I have no doubt that Hatleberg’s approachability contributes to his way of working. He likes to wander until he finds a spot he feels comfortable with and then dig in. As he told me as I sat on a couch in his studio, “Once I meet someone with mutual curiosity, I say yes to everything.”
Experience is the key with Hatleberg’s work. Things are working their best when the camera feels like it disappears and whatever encounter he finds himself in takes over. The camera becomes secondary as experience becomes primary: “ “The photo never quite lives up to the experience of being there,” Hatleberg told me.
He usually waits until he has exposed hundreds of rolls of film before he begins the process of editing. The exposed rolls of film are filled with his encounters, and he waits to develop them to create a sense of objective distance. Once the film is developed, those encounters are then strung together to create a story.
This is how “River’s Dream” came to be. Hatleberg wandered through Mississippi, Florida, Texas, Alabama, Georgia, Virginia, Ohio and Maryland while making the images that would end up in the book. But the book isn’t so much about a specific place as it is about trying to locate and capture an atmosphere.
The atmosphere in “River’s Dream” is one of summer heat and humidity. This isn’t something I initially grasped when I first flipped through the book. I was more preoccupied with sussing out its influences and divining what it had to say to me. But once I read another review that brought it up, and after chatting with Hatleberg, it became inescapable: Suddenly, every photo spoke to that heavy, warm atmosphere.
Hatleberg told me that he wanted the book to be suffused with a sense of sultriness. He even went so far as to pick paper stock for the book that felt slippery, reminiscent of the dampness of a Southern summer. As we chatted away in Baltimore, he told me, “I wanted it to feel like summer — like it was about to rain.” And there are plenty of visual cues that pop up throughout his book.
For example, there’s a group of people taking refuge in the shade of a porch, men gathered around a table wearing tank tops playing dominoes, a group of people at an outdoor picnic, a person dipping their hand into a clump of cool ice in a cooler. Throughout the book, people and places are continually bathed in the golden hues of late summer.

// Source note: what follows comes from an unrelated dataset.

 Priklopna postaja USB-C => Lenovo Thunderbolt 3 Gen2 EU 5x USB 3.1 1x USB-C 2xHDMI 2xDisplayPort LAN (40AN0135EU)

Above all, “River’s Dream” is about the primacy of experience. The book’s photographs are kind of secondary. They are really a byproduct of Hatleberg’s insatiable curiosity and desire to meet people where they are. As he told me up in Baltimore, he’s interested in engaging with the world rather than imposing anything on it and he believes that making oneself vulnerable to experience is one of the keys to making the work that drives him.

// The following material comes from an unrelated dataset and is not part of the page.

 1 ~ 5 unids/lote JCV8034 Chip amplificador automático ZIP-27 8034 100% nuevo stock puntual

As for photographic influences, Hatleberg’s is a continuation of a time-honored tradition in American photography established by the likes of William Eggleston and Walker Evans. You’ll see hints of both in “River’s Dream.”

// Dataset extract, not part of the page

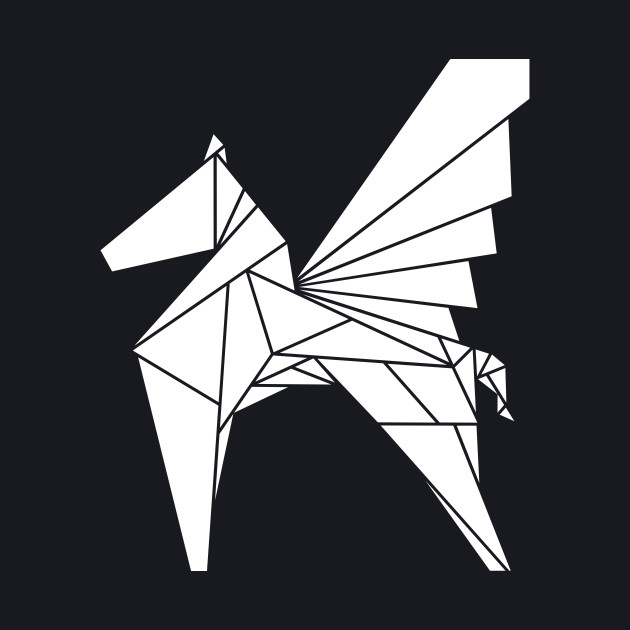 Pegasus Horse Origami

Eggleston and Evans are chroniclers of the American experience. Eggleston elevated the banality of small-town life (yes, Southern!) into art. Evans recorded the details and particulars of the old clashing with the new but also made himself open and vulnerable to the experience of “ordinary” Americans. You’ll see strong echoes of each in “River’s Dream.”
The release of “River’s Dream” has been so highly anticipated that the first edition of the book sold out before it even hit shelves. Some of the work in the book was exhibited in the Whitney Biennial in 2019 and is only now available in book form. There is no doubt in my mind that it will become a revered classic. It kind of already is.
The book is now available in a second edition that will probably sell out as well, so if you want to grab a copy, now is the time to do it.